Connect with us

Gayahidup

Solidaritas Atasi Dampak Negatif Produk Tinggi Kandungan Gula dalam Bansos

Published

on

Jakarta, Hariansentana.com – Pandemi Covid-19 tidak hanya merenggut kesehatan dan nyawa, tetapi juga menggerogoti perekonomian. Pemerintah memprediksi jumlah pengangguran dan angka kemiskinan Indonesia bisa naik. Dalam skenario terberat saat pandemi, jumlah warga miskin diperkirakan bisa bertambah 3,78 juta orang dan pengangguran bertambah 5,23 juta orang.

Meningkatnya jumlah penduduk miskin tersebut, dipastikan berdampak terhadap prevalensi stunting, yang merupakan prioritas program kerja pemerintah. Target pemerintah menurunkan stunting hingga 14% dinilai sulit dicapai apabila perhatian terhadap gizi anak di tengah masa pandemi Covid 19 ini berkurang.

Dalam diskusi media yang berlangsung melalui zoommeeting, pakar kebijakan publik Agus Pambagio menyayangkan, perhatian pemerintah terhadap stunting dan gizi buruk yang teralihkan akibat Covid 19. “Yang harus disadari, stunting ini dampaknya 30 tahun mendatang. Saat dunia makin kompetitif, anak-anak yang hari ini tidak cukup gizinya akan semakin terbelakang,” ujar Agus.

Disebutkan Agus, penanganan stunting dan gizi buruk seharusnya tidak lantas terhenti akibat pandemi. Sebab dapat tetap dilakukan melalui pemberian makanan tambahan (PMT) dan program bantuan pangan yang lebih tepat sasaran. Tepat sasaran yang dimaksud Agus bukan hanya penerima, namun juga komposisi isinya harus memenuhi kebutuhan gizi anak dan keluarga.

“Sekarang di dalam bantuan pangan atau sembako, ada produk tinggi kandungan gula seperti susu kental manis.
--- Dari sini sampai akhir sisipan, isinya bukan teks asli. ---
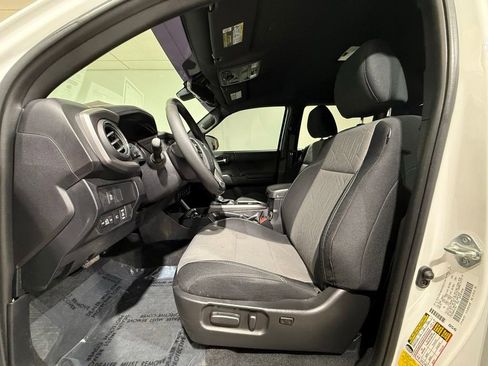 Certified 2023 Toyota Tacoma TRD Off-Road AWD/4WD image 12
Ini kan tidak tepat diberikan kepada masyarakat apalagi nanti jadi konsumsi anak-anak. Jadi saya harap hindari memasukan makanan yang tidak baik untuk pertumbuhan,” tegas Agus Pambagio.

Senada dengan Agus, dokter anak Dr. dr. Tubagus Rachmat Sentika, Sp.A, MARS mengakui sudah lumrah bagi masyarakat Indonesia menerima sembako berisi berbagai produk instan, termasuk susu kental manis. “Sekilas, bantuan ini terlihat meringankan masyarakat. Namun bila diperhatikan, bantuan untuk masyarakat dengan komposisi tersebut belum tentu meringankan beban keluarga. Saya sebagai dokter anak prihatin dengan adanya kental manis di dalam bansos, karbohidratnya lebih dari 46%. Ini dilarang dan nggak boleh untuk anak dibawah 18 tahun,” ujar dokter anak yang akrab disapa Rachmat ini.
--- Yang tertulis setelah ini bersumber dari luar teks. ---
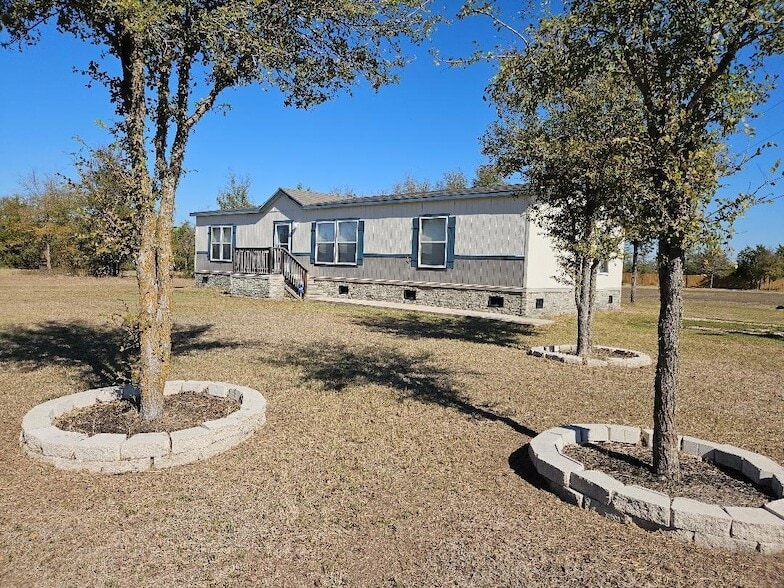 Primary Photo - 482 McDonald Ln W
Dalam kesempatan yang sama, dokter Rachmat turut menyampaikan kritik terhadap kebijakan pemerintah dimasa pembatasan sosial berskala besar (PSBB) ini. “Pemerintah mengurangi pelayanan kesehatan dasar seperti posyandu, puskesmas dan poliklinik yang tentu saja mengurangi program-program upaya kesehatan masyarakat (UKM). UKM ini seharusnya nggak boleh berhenti karena menyangkut program prioritas, salah satunya adalah stunting. Bayangkan, sudah ada 8 juta orang stunting, dan angka ini yang akan kita hadapi usai pandemi. _Refocussing_ anggaran akibat pandemi seharusnya diluar program-program prioritas pemerintah,” jelasnya.
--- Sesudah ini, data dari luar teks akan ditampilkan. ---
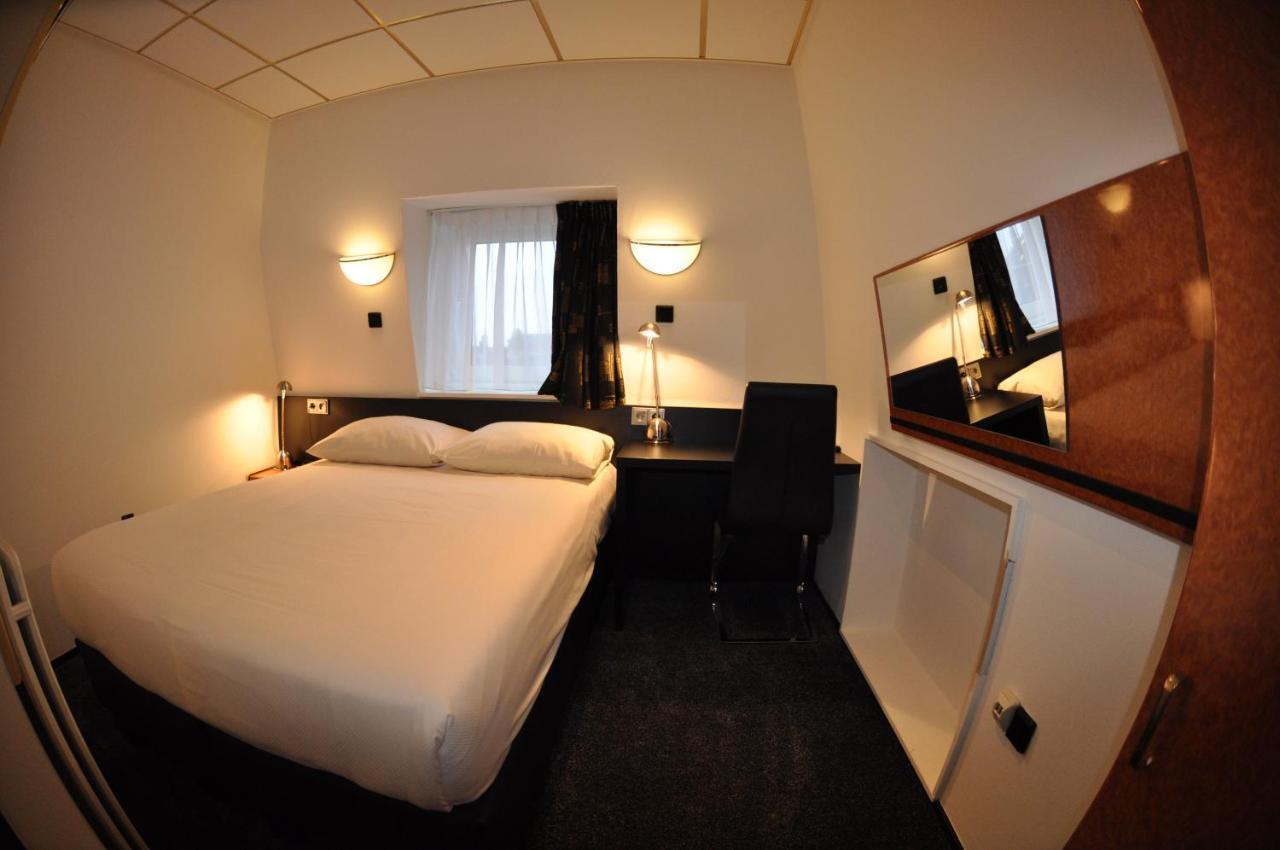Budget Hotel Le Beau Rivage มิดเดิลบวร์ก ภายนอก รูปภาพ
Menjawab persoalan di atas, dr. RR. Dhian Probhoyekti SKM, MA, Direktur Gizi Masyarakat,Kemenkes RI mengatakan upaya penanganan stunting tetap dilakukan dengan protokol Covid 19. “Sosialisasi dan sebaran informasi melalui media sosial tetap dilakukan dan monitoring kesehatan dan gizi anak secara virtual. Selama ini kami juga melakukan edukasi kepada masyarakat tentang pesan gizi seimbang yaitu pangan manis asin dan berlemak, termasuk mengenai bantuan sosial kalau ada yang berisi susu kental manis ya bukan buat balita, bukan juga untuk minuman tunggal,”jelas Dhian.

Disisi lain, anggota Komisi IV DPR RI Luluk Nur Hamidah menyayangkan adanya usulan Kementerian Pertanian untuk memangkas anggaran program kegiatan di daerah rawan pangan dan stunting. Pos anggaran itu sebelumnya terdampak pemotongan dalam rangka refocusing anggaran Pemerintah untuk penanganan Covid-19.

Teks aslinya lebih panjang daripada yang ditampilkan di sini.